New plasma process could turn poultry industry trash into cash
Alabama’s poultry processing industry could turn its trash into cash with research underway at Tuskegee University.
The state’s poultry industry generates more than $15 billion in revenue annually and accounts for 65.6% of Alabama’s annual farming revenue, employing more than 86,000 workers on farms, in processing plants and in allied industries.
As a byproduct of producing over one billion birds per year, Alabama’s poultry industry creates millions of pounds of waste feathers that it pays to incinerate or landfill, part of the estimated 2 billion to 3 billion pounds of waste feathers annually generated in the United States.
feathers to fillers
Using an energized gas called plasma, Tuskegee scientists are able to turn those feathers into carbon fillers that can strengthen manufactured polymers or be used in batteries and electronics and that could turn an industry expense into a profit center.
“This process produces a value-added material from waste resources,” says Dr.
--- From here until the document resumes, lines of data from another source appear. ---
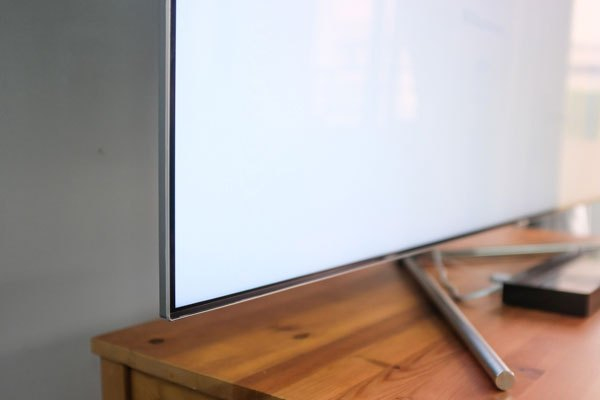 Tivi QLED Samsung QA65Q7FAMKXXV nổi bật hẳn lên với viền màn hình cực mỏng, tạo sự thu hút ngay từ cái nhìn đầu tiên. 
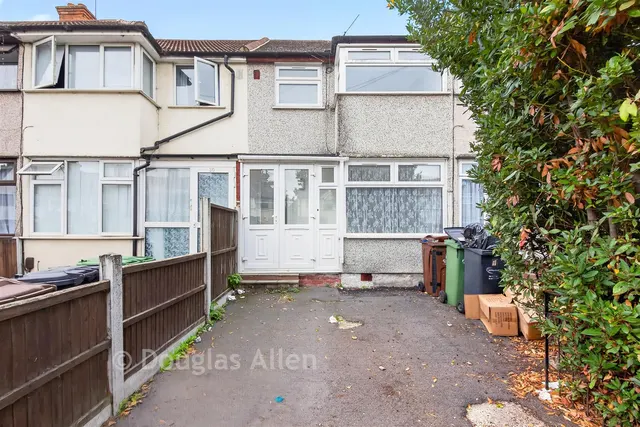 Oval Road North, Dagenham, RM10, photo 1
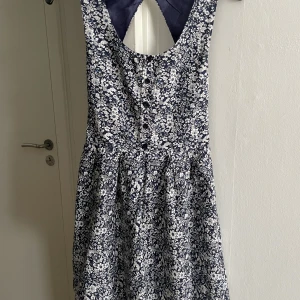 Sommarklänning - Söt, blommig sommarklänning XS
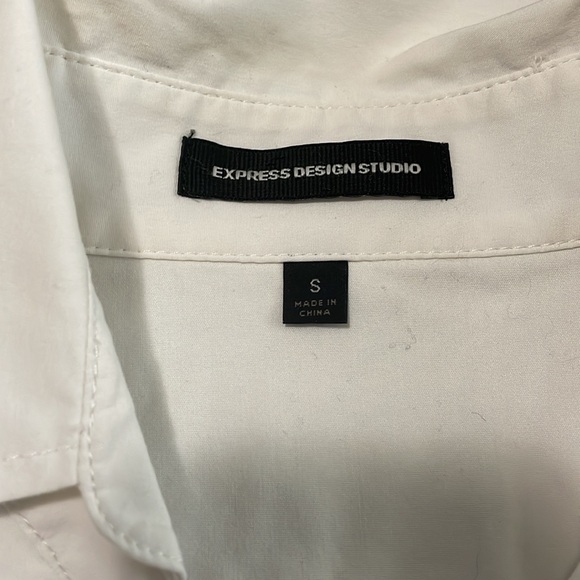 Button up - Picture 2 of 4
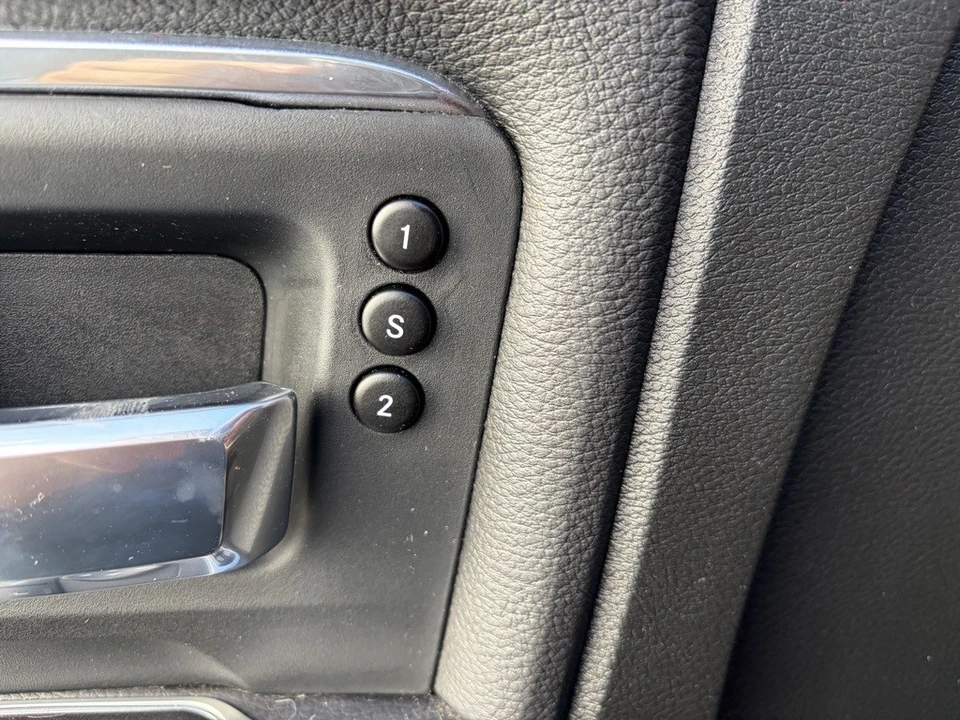 2024 Ram 3500 - Image 9 of 12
Vijaya Rangari, a professor of materials science and engineering and the interim associate vice president for research at Tuskegee.
“We have been working on poultry waste to produce value added materials for the last 10 years,” he says. “We have produced several applications and value-added products from waste chicken eggshell. This was another waste that the poultry industry produces and has trouble with in disposal.”
With financial support from the statewide Future Technologies & enabling Plasma Processes (FTPP) grant managed at The University of Alabama in Huntsville (UAH), the researchers are using feathers to create fillers to strengthen polymers or be used in other manufacturing processes.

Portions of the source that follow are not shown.